▶ Data for analysis
BEGIN
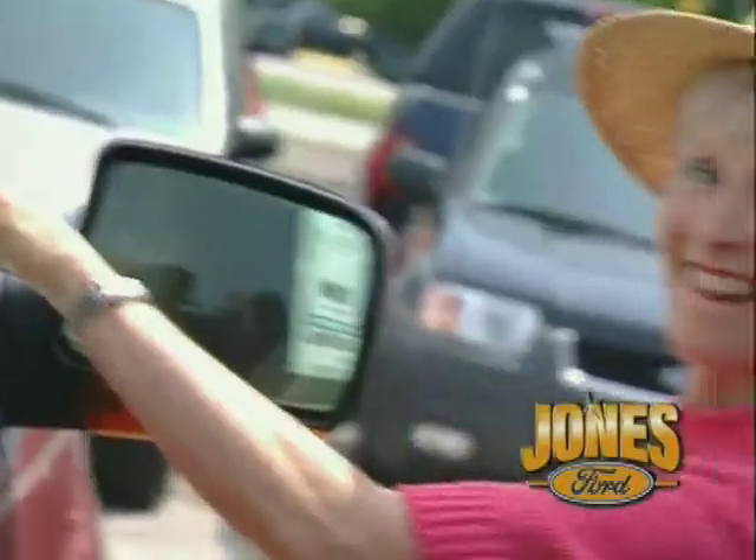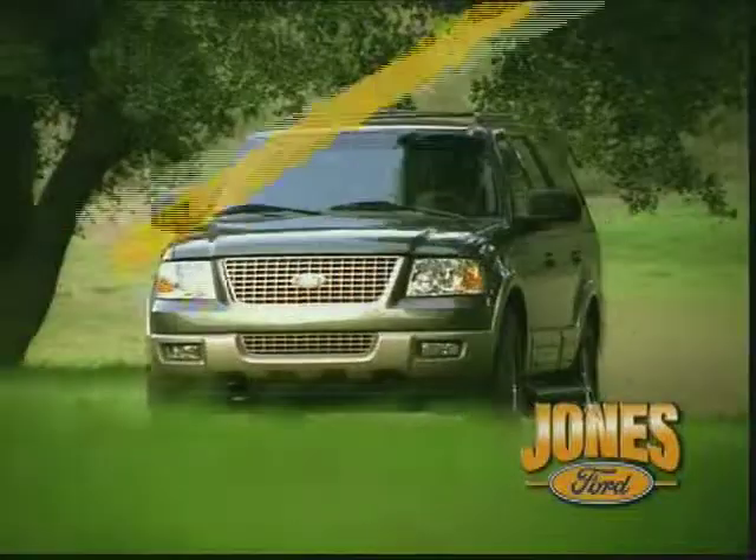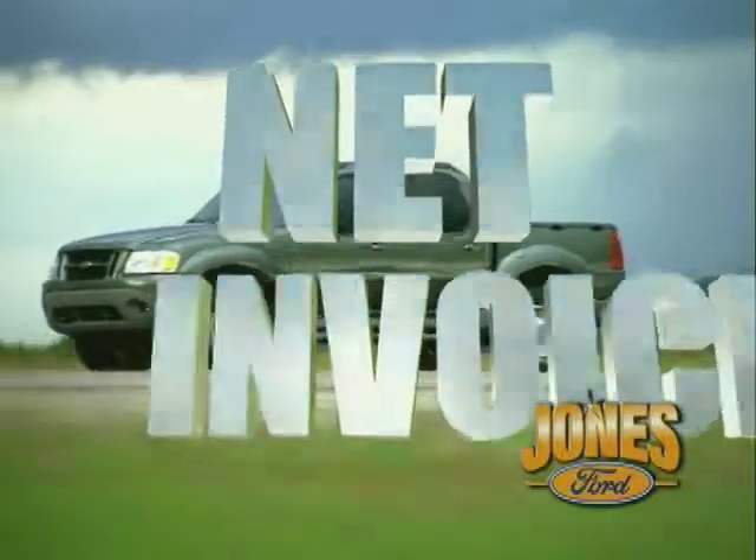Hey, hey, you'd look good in a Jones Ford. Everybody's smiling at Jones Ford. Remaining 2003 models must go. Not only do you get 0% up to 72 months plus $1,000, you pay net invoice.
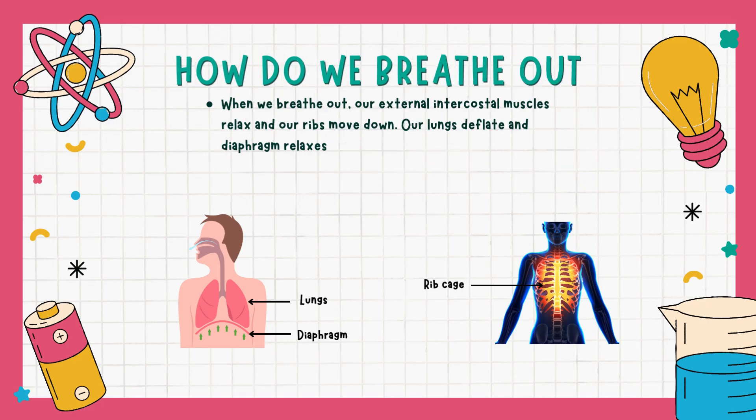When we breathe out, our external intercostal muscles relax and our ribs move down. Our lungs deflate and the diaphragm relaxes.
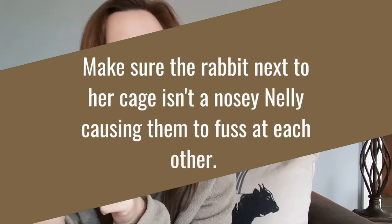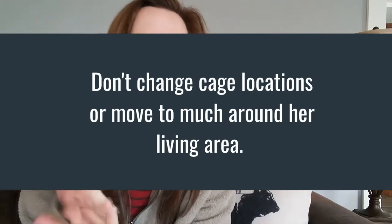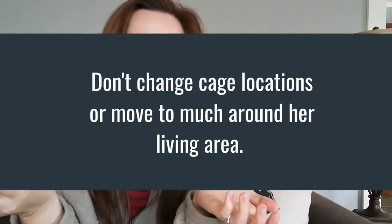When it comes to having litters, here are some things to keep in mind so delivery goes well and mom does her job. A couple of days or even a week beforehand, make sure she's getting along with her neighbor. If you have hutches where rabbits can fuss at each other through a divider, you want her to not be stressed by whoever is next to her. Also, avoid major cage location changes or reorganizing your rabbitry.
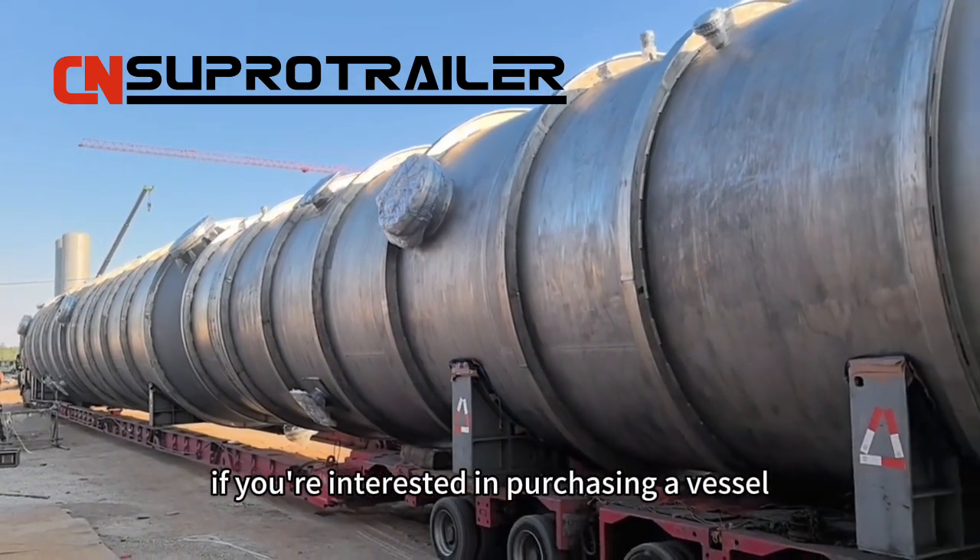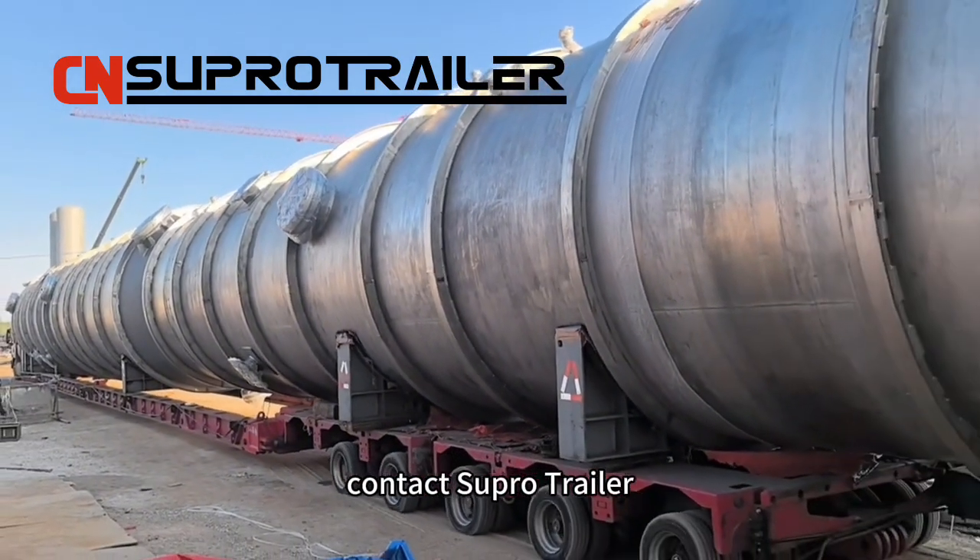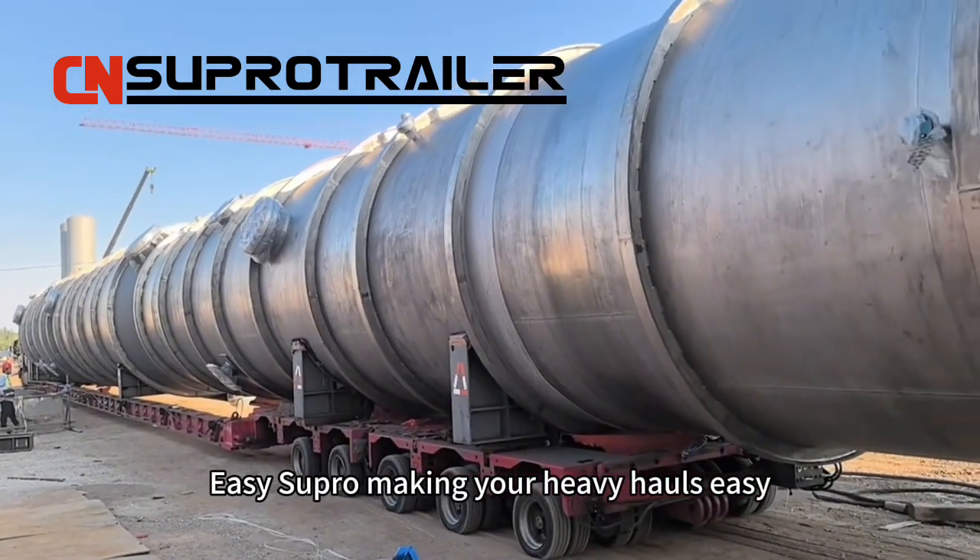If you're interested in purchasing a vessel bridge for your hydraulic axle trailer, contact Supro Trailer. Easy Supro, making your heavy hauls easy.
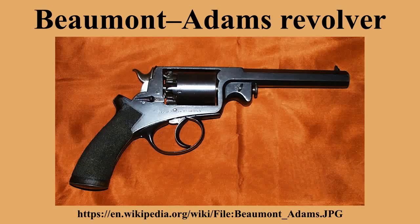In partnership with George and John Dean, the company of Dean, Adams and Dean produced the new revolver in a variety of calibers and sizes, from pocket pistols to large military versions. The United Kingdom officially adopted the 54-bore Beaumont Adams in 1856, with Holland and Russia following soon after.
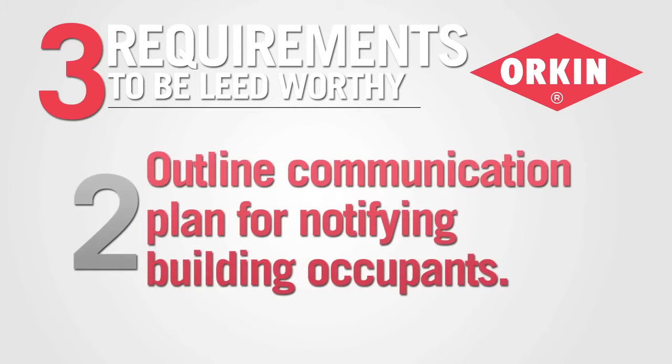Number two, when chemical applications are made, your program must outline a communication plan for notifying building occupants. This means 72 hours prior to a pesticide application, occupants need to be notified. If it's an emergency use of pesticides, then you need to let them know at least 24 hours after the pesticide application.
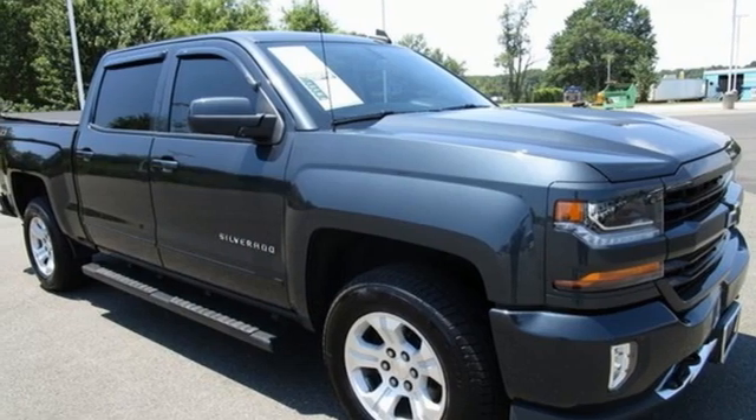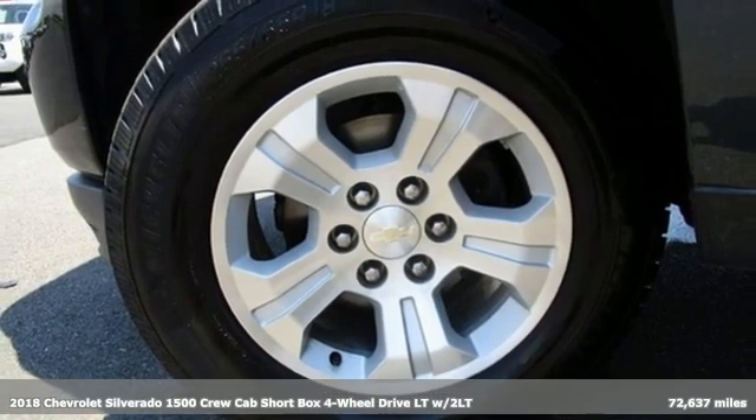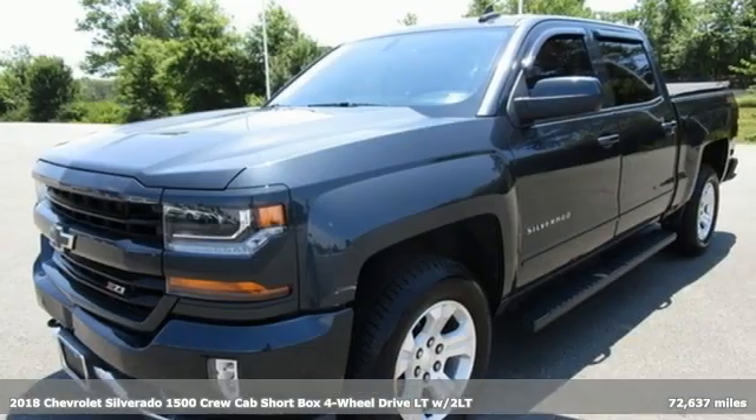Here's a 2018 Chevrolet Silverado 1500. The Silverado 1500 is built to last, because you don't build a legacy on chance.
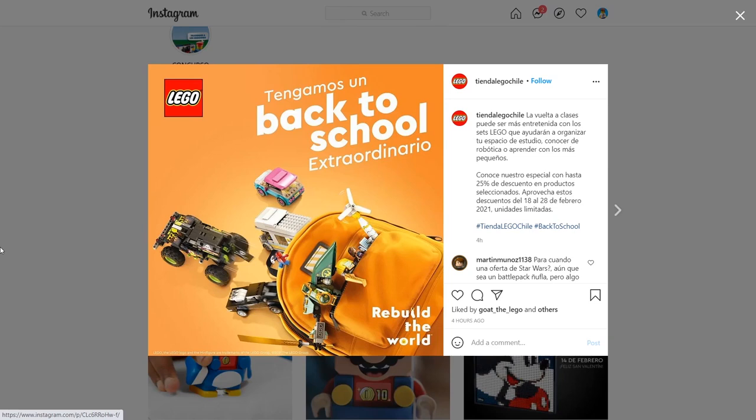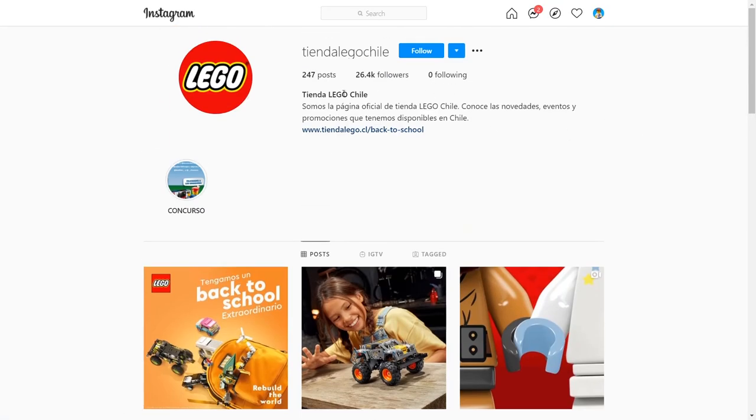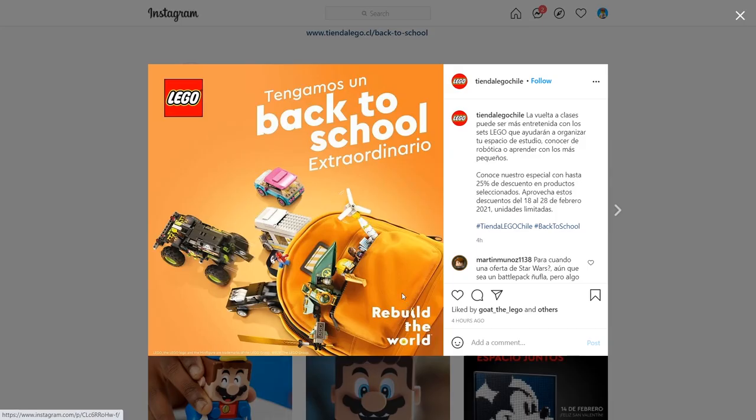Hey everyone, I'm Mine and this is just a real quick late night video because we just got a new Ninjago set sort of officially revealed. This is coming from this account, Tienda Lego Chile. I believe this is Lego's official Chile account, though I'm not positive. They posted this promotional image for Rebuild the World and in it they show some Lego sets in this little backpack right here.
END
▶ Problem statement
Print exactly the lines running from the start of the entries above to the line with "If you're interested", both included; leave out any pictures.

▶ Written solution
Hey, hey, you'd look good in a Jones Ford. Everybody's smiling at Jones Ford. Remaining 2003 models must go. Not only do you get 0% up to 72 months plus $1,000, you pay net invoice.
When we breathe out, our external intercostal muscles relax and our ribs move down. Our lungs deflate and the diaphragm relaxes.
When it comes to having litters, here are some things to keep in mind so delivery goes well and mom does her job. A couple of days or even a week beforehand, make sure she's getting along with her neighbor. If you have hutches where rabbits can fuss at each other through a divider, you want her to not be stressed by whoever is next to her. Also, avoid major cage location changes or reorganizing your rabbitry.
If you're interested in purchasing a vessel bridge for your hydraulic axle trailer, contact Supro Trailer. Easy Supro, making your heavy hauls easy.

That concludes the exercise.